Cheryl May's Tips for Conquering Ring Nerves

Copyright by Cheryl May. May be reprinted without permission 1) if used in its entirety without editing; and 2) provided copyright notice remains in place.

Let's be frank.

The restroom is one of the most popular places at an obedience or agility trial. Exhibitors, nervous and anxious, scurry to the restroom before their turn in the ring. Upset stomachs (or worse) are common among exhibitors, even the most experienced.

If the thought of going in the ring and competing leaves your hands clammy and your stomach churning, it's time to do some things to turn the situation around.

A certain amount of tension is normal, and even desirable to give you that adrenaline rush to give your best performance. But if the stress causes you to go blank so that you walk through the performance in a haze, you need to consider changes that will allow you to concentrate better.

There are two reasons to fix this problem. First, you are uncomfortable and these sports are supposed to be FUN. Getting sick isn't fun. Second, and most important, you owe it to your dog to be there, 100 percent.

Obedience and agility are team sports and you are the leader of the team. As team leader it is your responsibility to be there for your dog. The dog deserves it!

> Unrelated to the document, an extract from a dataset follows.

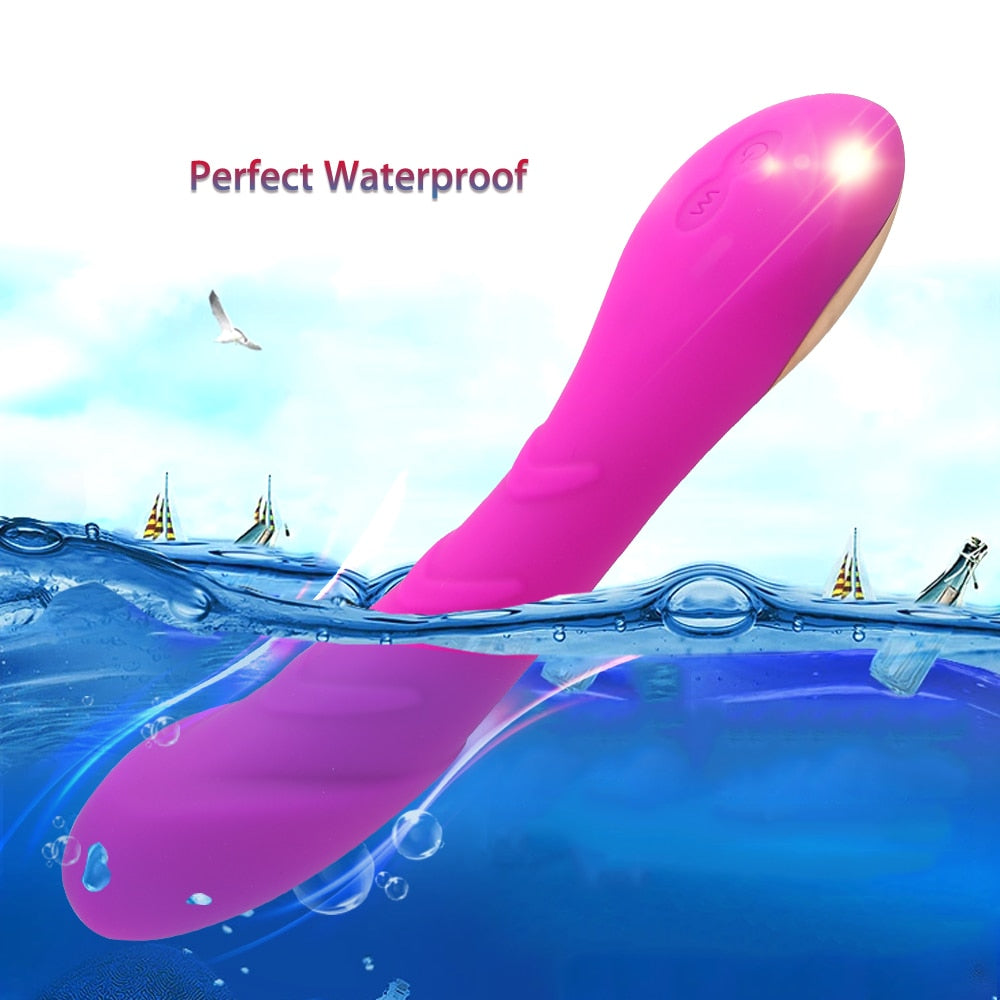 USB Rechargeable 12 Modes Dildo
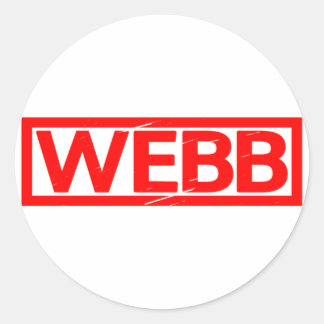 Webb Briefmarke Runder Aufkleber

So how do you get a handle on the nervousness problem?

Here are some tips:
1.) Prepare yourself and your dog thoroughly for the performance. In obedience, trade run-throughs with a training buddy, so that the exercises become familiar for both you and your dog. Take your dog to as many matches as you can. There is no substitute for experience, and although matches don't reproduce the stress of a real trial, they will help your team gain confidence. Similarly, be sure to train in a variety of locations so that your dog doesn't become a "backyard UD," who can perform all exercises to perfection, but only at home or at your regular training building.

In agility, practice complex sequences. A good resource for excellent sequences is the "exercise of the month" on the Clean Run web page.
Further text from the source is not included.